My main takeway up until here is that the majority of the computation time is spent on actually finding the poses that make the dots. Approximating the solution to the TSP is fairly quick.

Executing the paths on the robot was straightforward, with a few caveats:

  • The board that I put the paper on was a bit crooked. That meant that I had to downsize the images.
  • Fine-adjustment of the pen-position in the gripper is a bit of a hassle.

That being said, I am pretty happy with these results.

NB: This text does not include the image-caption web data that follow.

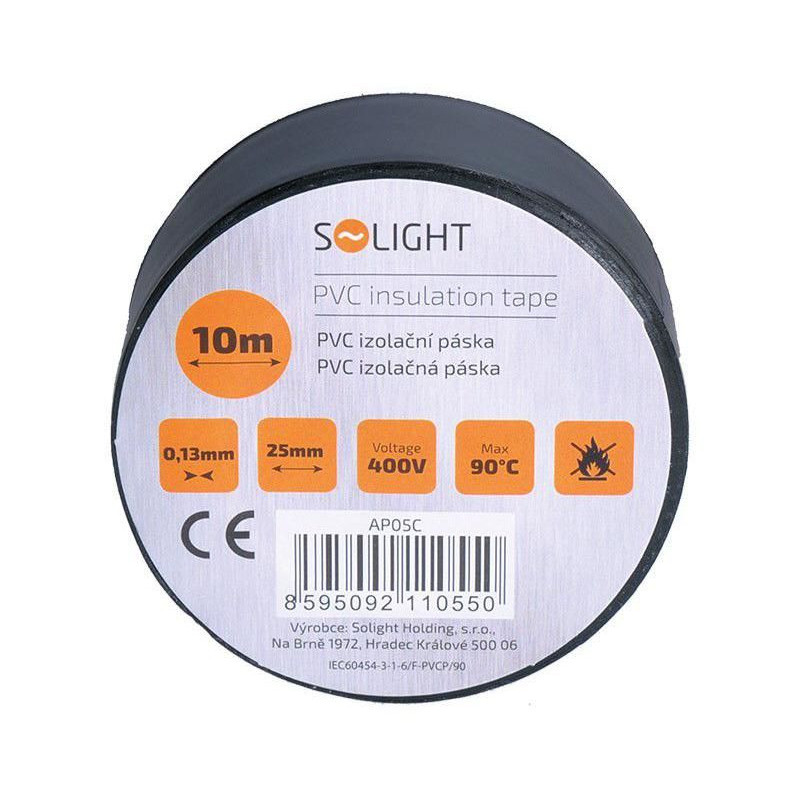 Solight Izolační Páska 25mm x 0, 13mm x 10m Černá, Solight Elektroinstalační Materiál Izolační Materiál Izolační Pvc Pásky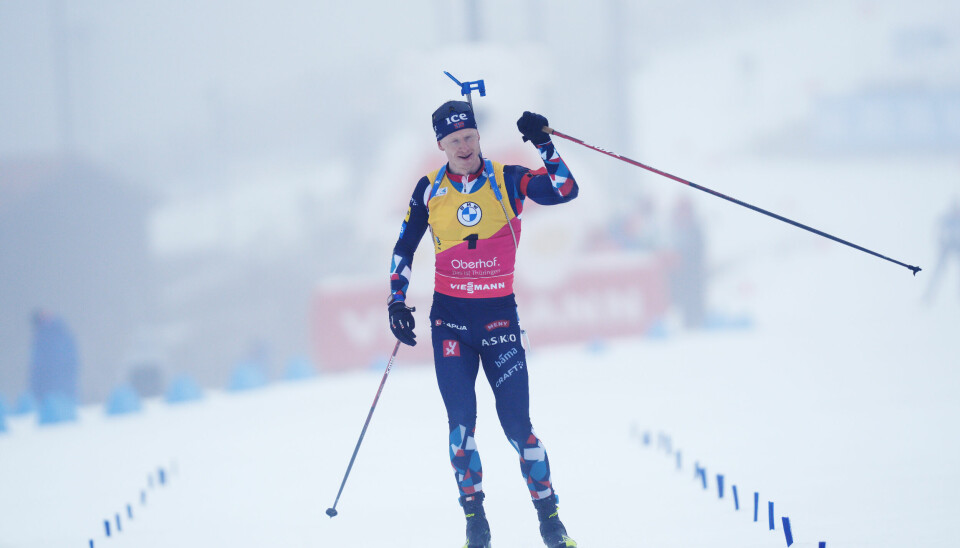 Johannes Thingnes Bø under 15 km fellesstart for menn i VM i skiskyting 2023 i Oberhof, Tyskland.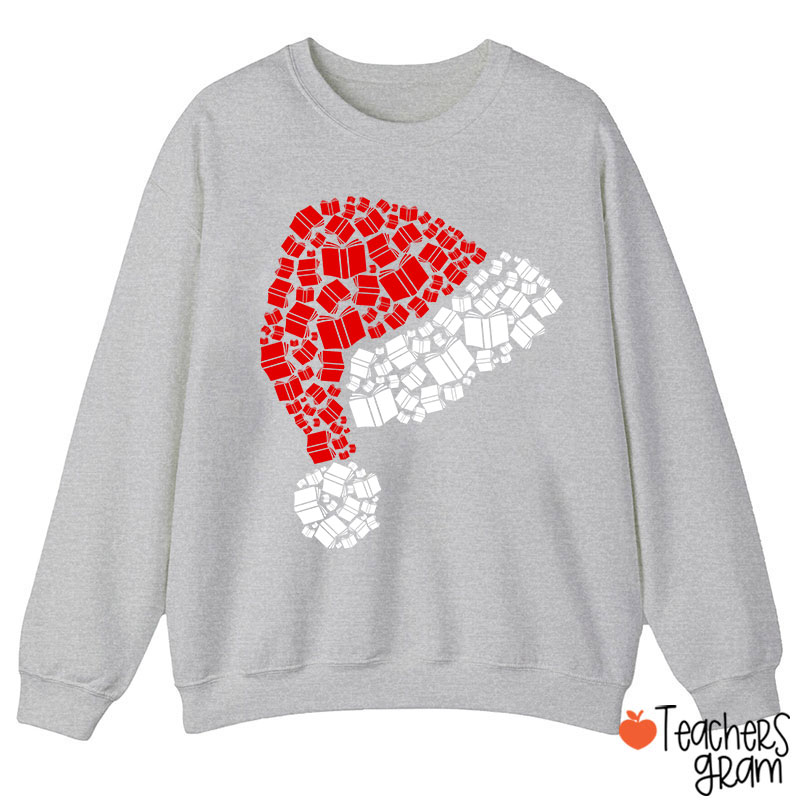 Book Christmas Hat Christmas Teacher Sweatshirt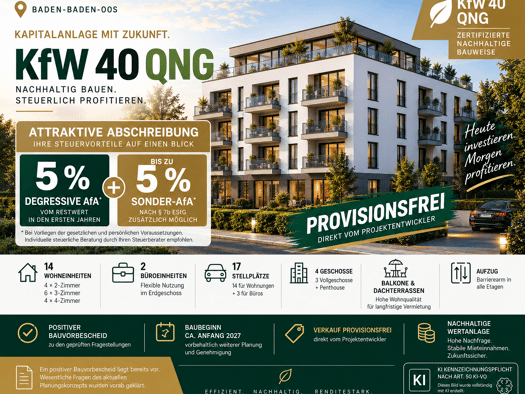 Wohnung zum Kauf - Erstbezug provisionsfrei 214.555 € 1 Zimmer 41,3 m² Oos Baden-Baden 76532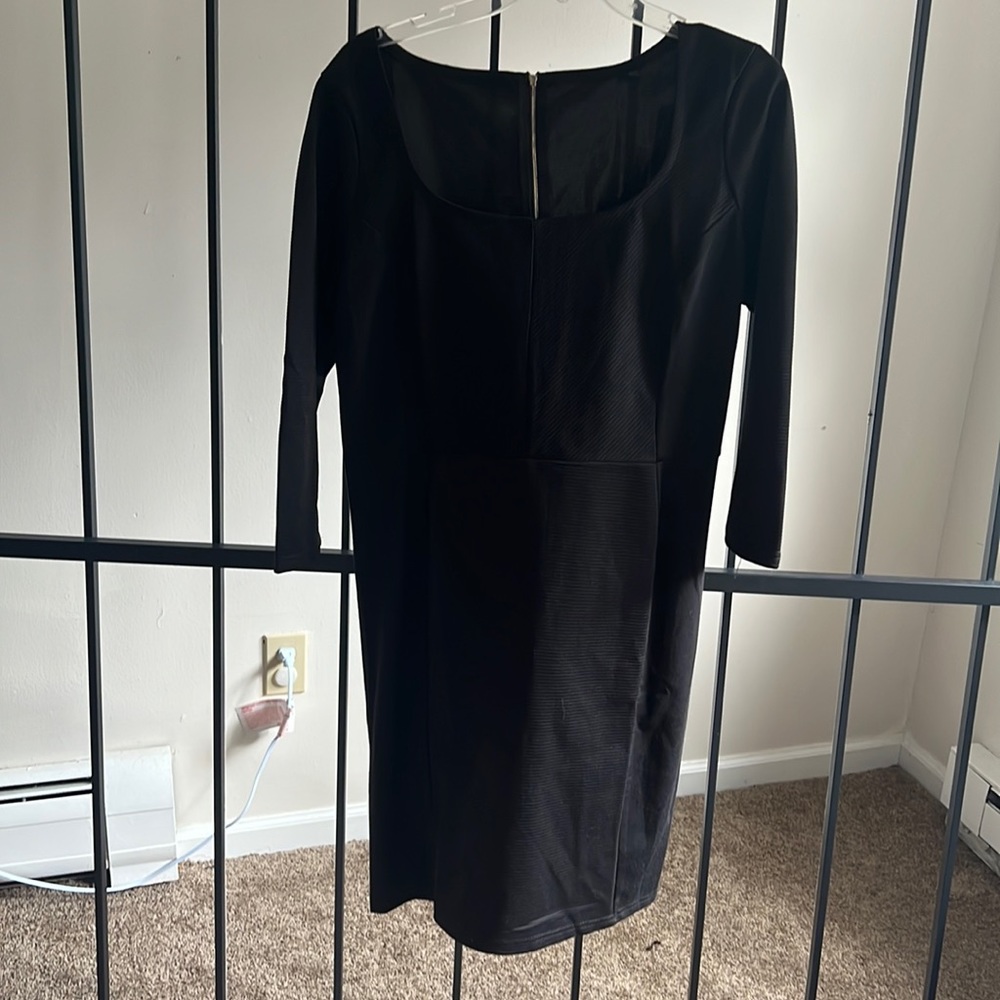 Very flattering black midi dress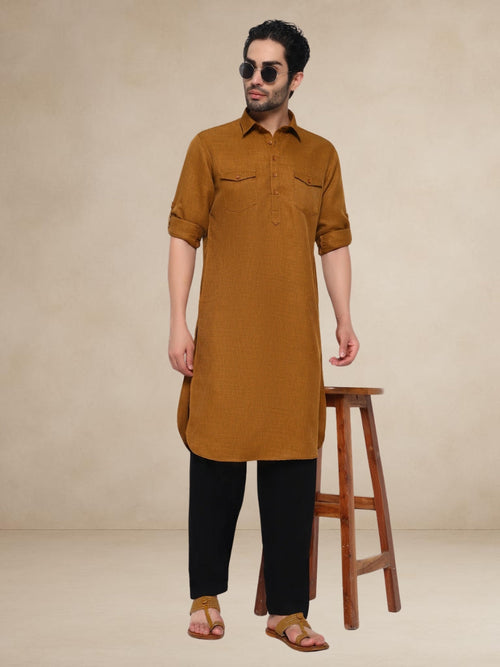 Textured Utility Pathani Suit Mustard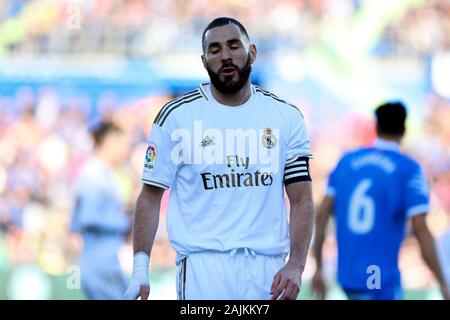 Real Madrid CF's Karim Benzema réagit au cours de l'espagnol La Liga match round 19 entre Getafe et Real Madrid au Santiago Bernabeu Stadium.(score final : Getafe 0 - 1 Real Madrid) Banque D'Images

It is visible in the videos that the robot is able to make 20 dots in 12 seconds, with quite a bit of the time being spent in transition. With that speed, that would mean that an image consisting of 1000 dots would take roughly 10 minutes to produce. However, the computation of that many points would take a long time in itself, which is likely to be the limiting factor.

So here’s some things that I might look at next:

Next (read: ideas?)

  • Timeoptimal paths for an arm?
    • This would require better estimation of distances between poses (i.e., the time it actually takes to get from one pose to another). It would also be benefitial to properly solve the traveling salesman problem.
    • However, none of this really gets to the heart of the problem: We would need to do proper multi-goal motion planning, instead of first sampling some poses, and then optimizing the ordering in between.
    • Generally, the existing literature I was able to find on multi goal motion planning assumes a single pose for each goal, and does not deal with goal regions. The only article that does was this one.
  • Utilizing two robots.
    • Enables color differences, or different dot sizes.
    • Using both arms simultaneously is a much harder problem than just planning for one at a time. Since now the moving robot arm needs to be avoidedThis would also be a pretty cool research problem. .
  • Speeding everything up
    • Generating the samples is at the moment by far the slowest part of the process. This could have various reasons, but the main one isFrom previous experience in my phd, see [1], [2] the fact that using an optimizer to jointly sample positions is just not a great approach. There is research out there on that topic (speeding up repeated constrained optimization), and I am interested in that myself, so that might be a suitable next step.